Handling ModelCIF (modelarchive.modelcif)

The modelcif module assists the ModelArchive team to prepare deposition data before storing in the database. For the most part this involves converting files from PDB legacy format into ModelCIF, as well as refining submitted mmCIF/ ModelCIF files.

Functionality can be broadly divided into accessing and editing ModelCIF files.

One note on performance: by the nature of the task addressed here, code clarity is preferred over raw efficiency. Scripts that translate user data into ModelCIF for a deposition, are run once and offline, so it does not matter if execution takes one minute or five. In general, preparing data usually takes far longer than running the code itself.

Keep this in mind when implementing ModelCIF support in your own tool, you may prefer to draw inspiration from this module rather than use it directly… or use the python-modelcif package straight away.

Accessing ModelCIF (modelarchive.modelcif.access)

Functionality to access data in a ModelCIF file

modelarchive.modelcif.access.get_table(block, category, items=None)[source]

Get a gemmi.cif.Table from a gemmi.cif.Block for a category.

It is much more convenient to work with gemmi.cif.Table objects instead of Gemmi’s loops and pairs directly. Imagine a ModelCIF file in which a certain category is represented as loop, while another ModelCIF file stores the same category as list of pairs. Both representations may be valid ModelCIF files and would require two separate handlers implemented for essentially the same data.

By using gemmi.cif.Table as a wrapper, loops and pairs can be treated uniformly, allowing you to handle both cases through a single code base.

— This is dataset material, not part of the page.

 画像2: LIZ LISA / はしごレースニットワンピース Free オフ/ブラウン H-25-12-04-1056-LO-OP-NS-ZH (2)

Gemmi provides two functions to retrieve tables, find_mmcif_category() and find(). One of them just needs a category name and the other requires a category name and a list of columns to fetch. So, different behaviour again and… lets just accept: get_table() hides these details away and happily returns a table, whether you provide a list of items or not. If a list of items is given, the resulting table will contain only those columns. Plus, in case the category can’t be found in block, None is returned, which feels more pythonic than getting an empty table back of length 0.

Example

>>> from gemmi import cif
>>> from modelarchive.modelcif import access
>>> # get sample CIF data
>>> cif_data = '''data_test
... _ma_qa_metric.id 1
... _ma_qa_metric.description test_score
... loop_
... _ma_qa_metric_local.ordinal_id
... _ma_qa_metric_local.metric_value
... _ma_qa_metric_local.metric_id
... 1 1.0 1
... 2 1.5 1
... '''
>>> block = cif.read_string(cif_data).sole_block()
>>> table = access.get_table(block, "_ma_qa_metric")
>>> len(table)
1
>>> table[-1]["description"]
'test_score'
>>> table = access.get_table(
...             block,
...             "_ma_qa_metric_local",
...             items=["metric_id", "metric_value"],
...         )
>>> # table should have 2 columns and 2 rows
>>> table
<gemmi.cif.Table 2 x 2>
>>> # columns are sorted as requested, not as stored
>>> table.tags[0]
'_ma_qa_metric_local.metric_id'
>>> table.tags[1]
'_ma_qa_metric_local.metric_value'
Parameters:
  • block (gemmi.cif.Block) – CIF data block holding the categories of the CIF document.

  • category (str) – Category to fetch from block, single category only, no Joins. Gemmi requires category names to end with ., so this function adds it if missing.

  • items (list[str]) – List of items to fetch as columns. Order of columns (items) follows the provided list. If None, the whole category with all its items as columns will be fetched. In case of None, items are fetched in the same order as they are found in the CIF document.

Returns:

The requested table if category can be found, otherwise None.

Return type:

gemmi.cif.Table | None

Editing ModelCIF (modelarchive.modelcif.edit)

Functionality to extend and modify ModelCIF files.

exception modelarchive.modelcif.edit.MoveIdxToFarError(category, idx)[source]

Bases: RuntimeError

Exception if repositioning exceeds the size of document-category-list.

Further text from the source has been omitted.